Numerical column dep_time contains many NA's (missing values)

# flights |> pull(dep_time) |> summary()
summary(flights$dep_time)
   Min. 1st Qu.  Median    Mean 3rd Qu.    Max.    NA's 
      1     907    1401    1349    1744    2400    8255 

Missing values (NA and variants) should be handled with care

NA & TRUE

[1] NA

NA | TRUE

[1] TRUE

Truth tables for three-valued logic

uses three-valued logic

Generate complete truth tables for and, or, xor

v <- c(TRUE, FALSE, NA) # truth values

list_tt <- map(c(`&`, `|`, xor),  #<<
               ~ outer(v, v, .x)) #<<

for (i in seq_along(list_tt)){
  colnames(list_tt[[i]]) <- v
  rownames(list_tt[[i]]) <- v
}

names(list_tt) <- c('& AND',
                    '| OR',
                    'XOR')

Truth tables

TRUE TRUE FALSE NA
FALSE FALSE FALSE FALSE
NA NA FALSE NA


TRUE TRUE TRUE TRUE
FALSE TRUE FALSE NA
NA TRUE NA NA


TRUE FALSE TRUE NA
FALSE TRUE FALSE NA
NA NA NA NA

slice(): choosing rows based on location

In base dataframe cells can be addressed by indices

flights[5000:5010,seq(1, 19, by=5)] returns rows 5000:5010 and columns 1, 6, 11 from dataframe flights

This can be done in a (verbose) dplyr way using slice() and select()

flights |>
  slice(5001:5005) |>  #<<
  select(seq(1, 19, by=5))

combined with aggregation (group_by()) variants of slice_ may be used to perform windowing operations

Useful variant slice_sample()

Joins : multi-table queries

Note

\(\bowtie(R,S, {\text{condition}})\)

stands for

join rows/tuples of \(R\) and rows/tuples of \(S\) that satisfy \(\text{condition}\)

nycflights tables

The nycflights13 package offers five related tables:

  • Fact tables:
    • flights
    • weather (hourly weather conditions at different locations)
  • Dimension tables:
    • airports (airports full names, location, …)
    • planes (model, manufacturer, year, …)
    • airlines (full names)

This is an instance of a Star Schema

About Star schemas

  • Fact tables record measurements for a specific event

  • Fact tables generally consist of numeric values, and foreign keys to dimensional data where descriptive information is kept

  • Dimension tables record informations about entities involved in events recorded in Fact tables

weather conditions

weather |>
  glimpse(width = 50)
Rows: 26,115
Columns: 15
$ origin     <chr> "EWR", "EWR", "EWR", "EWR", "…
$ year       <int> 2013, 2013, 2013, 2013, 2013,…
$ month      <int> 1, 1, 1, 1, 1, 1, 1, 1, 1, 1,…
$ day        <int> 1, 1, 1, 1, 1, 1, 1, 1, 1, 1,…
$ hour       <int> 1, 2, 3, 4, 5, 6, 7, 8, 9, 10…
$ temp       <dbl> 39.02, 39.02, 39.02, 39.92, 3…
$ dewp       <dbl> 26.06, 26.96, 28.04, 28.04, 2…
$ humid      <dbl> 59.37, 61.63, 64.43, 62.21, 6…
$ wind_dir   <dbl> 270, 250, 240, 250, 260, 240,…
$ wind_speed <dbl> 10.35702, 8.05546, 11.50780, …
$ wind_gust  <dbl> NA, NA, NA, NA, NA, NA, NA, N…
$ precip     <dbl> 0, 0, 0, 0, 0, 0, 0, 0, 0, 0,…
$ pressure   <dbl> 1012.0, 1012.3, 1012.5, 1012.…
$ visib      <dbl> 10, 10, 10, 10, 10, 10, 10, 1…
$ time_hour  <dttm> 2013-01-01 01:00:00, 2013-01…

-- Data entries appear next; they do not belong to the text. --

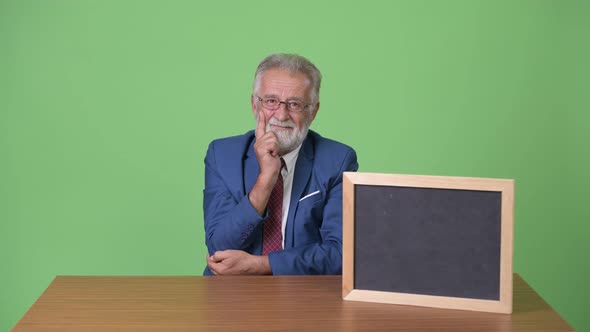 Handsome Senior Bearded Businessman Against Green Background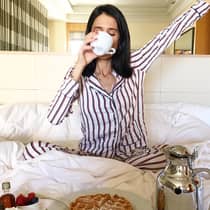 Woman on bed sips coffee cup, stretches in front of in-room breakfast dining tray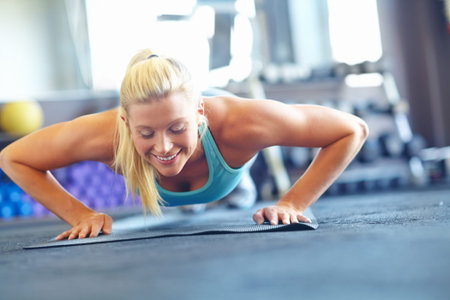 Woman, push ups and happiness for sports, exercise and fitness for workout with yoga mat or balance....
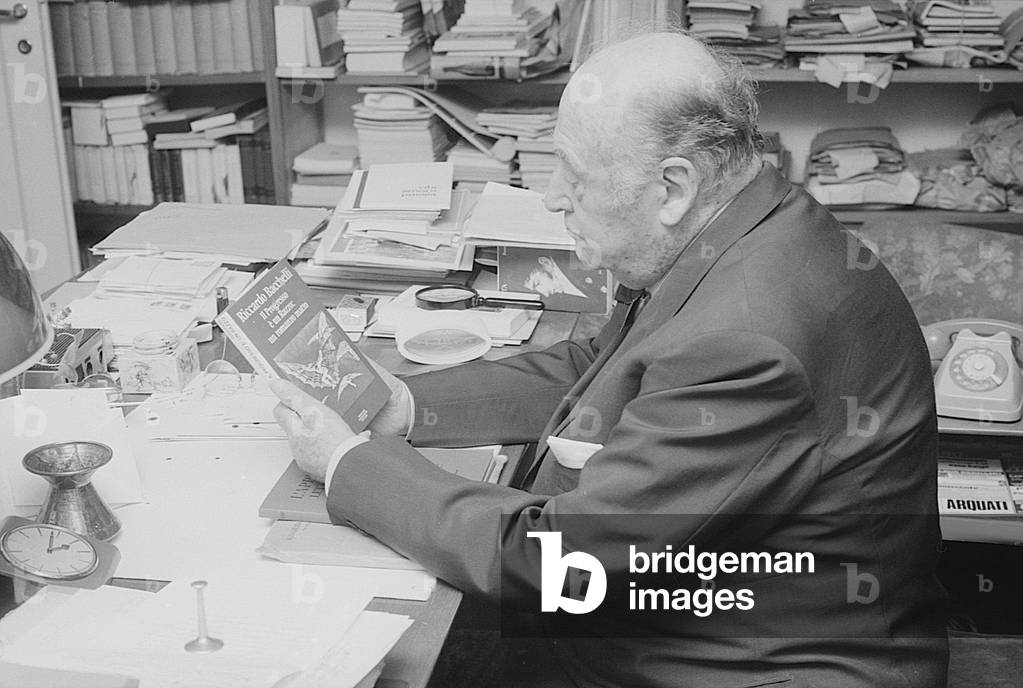 Riccardo Bacchelli posing in his house, Italy, 1975 (b/w photo)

Connecting flights and weather

We want to complement information in flights using data weather

Motivation: we would like to relate delays (arr_delay) and weather conditions

  • can we explain (justify) delays using weather data?

  • can we predict delays using weather data?

For each flight (row in flights)

  • year, month, day, hour (computed from time_hour) indicate the approaximate time of departure

  • origin indicates the airport where the plane takes off

Each row of weather contains corresponding information

for each row of flights we look for rows of weather with matching values in year, month, day, hour and origin

NATURAL INNER JOIN between the tables

inner_join: natural join

f_w <- flights |>
  inner_join(weather) #<<

f_w |> 
  select(seq(1, 
             ncol(f_w),
             by=2)) |> 
  glimpse(width=50)
Rows: 335,220
Columns: 14
$ year           <int> 2013, 2013, 2013, 2013, 2…
$ day            <int> 1, 1, 1, 1, 1, 1, 1, 1, 1…
$ sched_dep_time <int> 515, 529, 540, 545, 600, …
$ arr_time       <int> 830, 850, 923, 1004, 812,…
$ arr_delay      <dbl> 11, 20, 33, -18, -25, 12,…
$ flight         <int> 1545, 1714, 1141, 725, 46…
$ origin         <chr> "EWR", "LGA", "JFK", "JFK…
$ air_time       <dbl> 227, 227, 160, 183, 116, …
$ hour           <dbl> 5, 5, 5, 5, 6, 5, 6, 6, 6…
$ time_hour      <dttm> 2013-01-01 05:00:00, 201…
$ dewp           <dbl> 28.04, 24.98, 26.96, 26.9…
$ wind_dir       <dbl> 260, 250, 260, 260, 260, …
$ wind_gust      <dbl> NA, 21.86482, NA, NA, 23.…
$ pressure       <dbl> 1011.9, 1011.4, 1012.1, 1…

Join schema

The schema of the result is the union of the schemas of the operands

A tuple from flights matches a tuple from weather if the tuple have the same values in the common columns:

 [1] "year"           "month"          "day"            "dep_time"      
 [5] "sched_dep_time" "dep_delay"      "arr_time"       "sched_arr_time"
 [9] "arr_delay"      "carrier"        "flight"         "tailnum"       
[13] "origin"         "dest"           "air_time"       "distance"      
[17] "hour"           "minute"         "time_hour"      "temp"          
[21] "dewp"           "humid"          "wind_dir"       "wind_speed"    
[25] "wind_gust"      "precip"         "pressure"       "visib"         

Which columns are used when joining tables \(R\) and \(S\)?

  • default behavior of inner_join: all columns shared by \(R\) and \(S\). Common columns have the same name in both schema. They are expected to have the same class

  • manual definition: in many settings, we want to overrule the default behavior. We specify manually which column from \(R\) should match which column from \(S\)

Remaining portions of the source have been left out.